8. Hukuk Dairesi 2009/7340 E. , 2010/3052 K.
"İçtihat Metni"MAHKEMESİ :Sulh Hukuk Mahkemesi
DAVA TÜRÜ : Tapu İptali ve Tescil
Kadir Kayabidi ile Hazine aralarındaki tapu iptali ve tescil davasının kabulüne dair Yıldızeli Sulh Hukuk Mahkemesinden verilen 23.09.2009 gün ve 406/289 sayılı hükmün Yargıtay"ca incelenmesi davalı Hazine vekili tarafından süresinde istenilmiş olmakla dosya incelendi gereği düşünüldü:
K A R A R
Davacı ..., Hazine adına kadastro çalışmaları sırasında tespit ve tescil edilen 104 ada 134 sayılı parsel içerisinde mevkii ve sınırlarını açıkladığı 10000 ve 6000 m2 yüzölçümlü yerler bakımından Hazinenin tapu kaydının iptali ile her iki parça taşınmazın adına tapuya kayıt ve tesciline karar verilmesini istemiştir.

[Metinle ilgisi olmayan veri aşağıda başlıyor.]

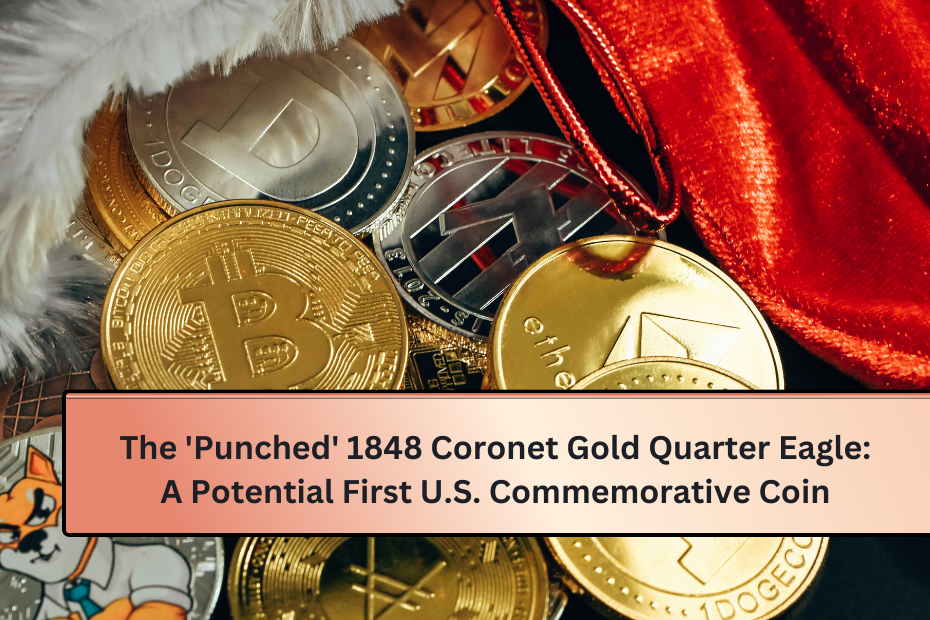 The 'Punched' 1848 Coronet Gold Quarter Eagle A Potential First U.S. Commemorative Coin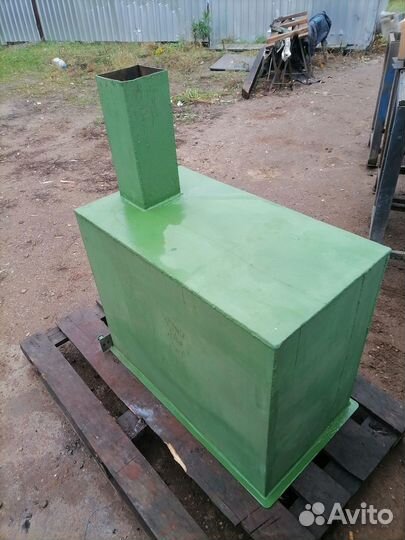 Печка буржуйка на дровах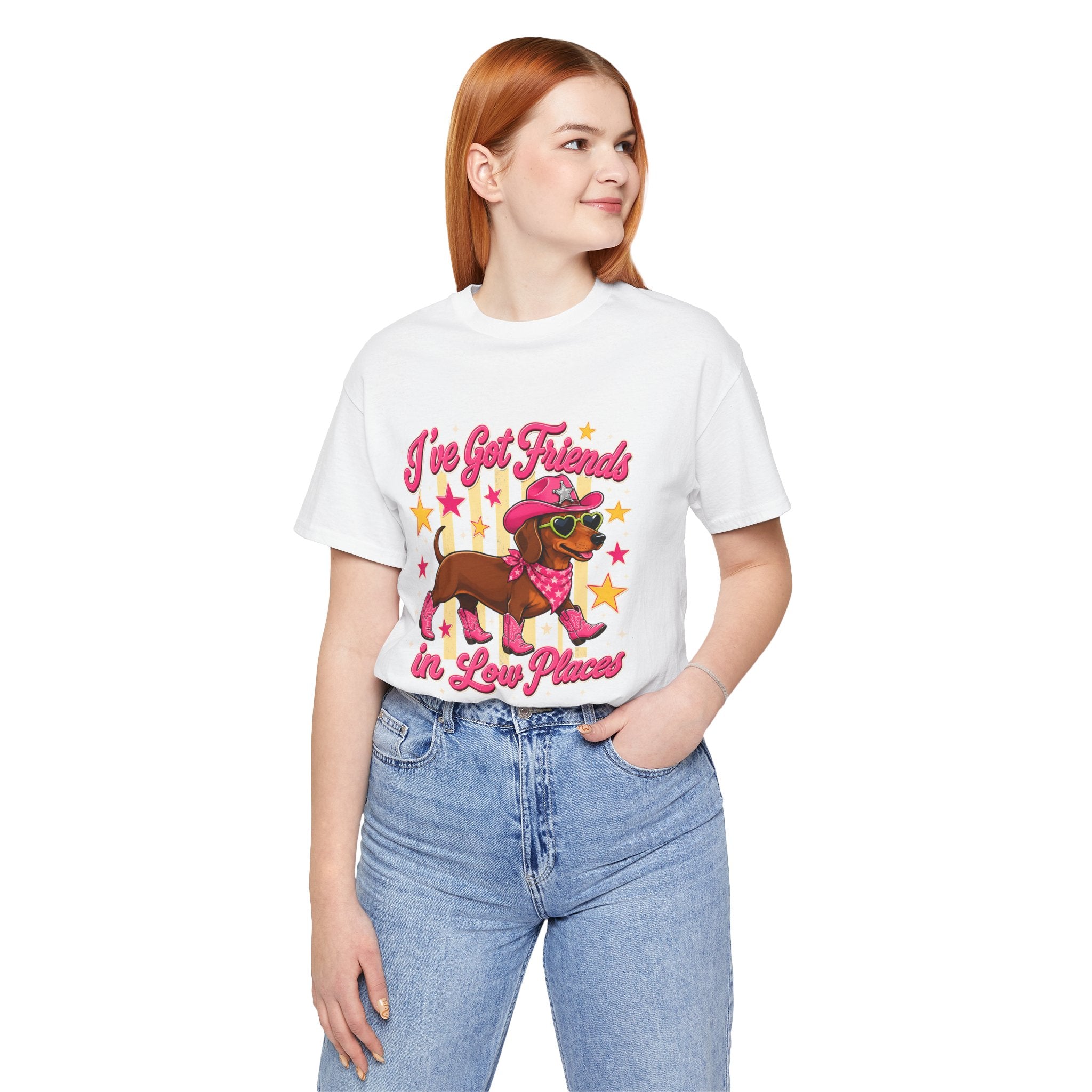 "I've Got Friends in Low Places" Graphic Tee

Davalı Hazine vekili, davanın reddine karar verilmesini savunmuştur.
Mahkemece,teknik bilirkişi tarafından 104 ada 134 sayılı parsel içerisinde A ve B harfleriyle gösterilen taşınmaz bölümleri yönünden Hazinenin tapu kaydının iptali ile anılan kısımların davacı adına tapuya kayıt ve tesciline karar verilmesi üzerine; hüküm davalı Hazine vekili tarafından temyiz edilmiştir.
Dava, kazanmayı sağlayan zilyetlik ve eklemeli zilyetlik hukuksal sebeplerine dayalı olarak TMK.nun 713/1, 996 ve 3402 sayılı Kadastro Kanununun 14.maddesi gereğince açılan mülkiyetin aktarılmasına ilişkin tapu iptali ve tescil davasıdır.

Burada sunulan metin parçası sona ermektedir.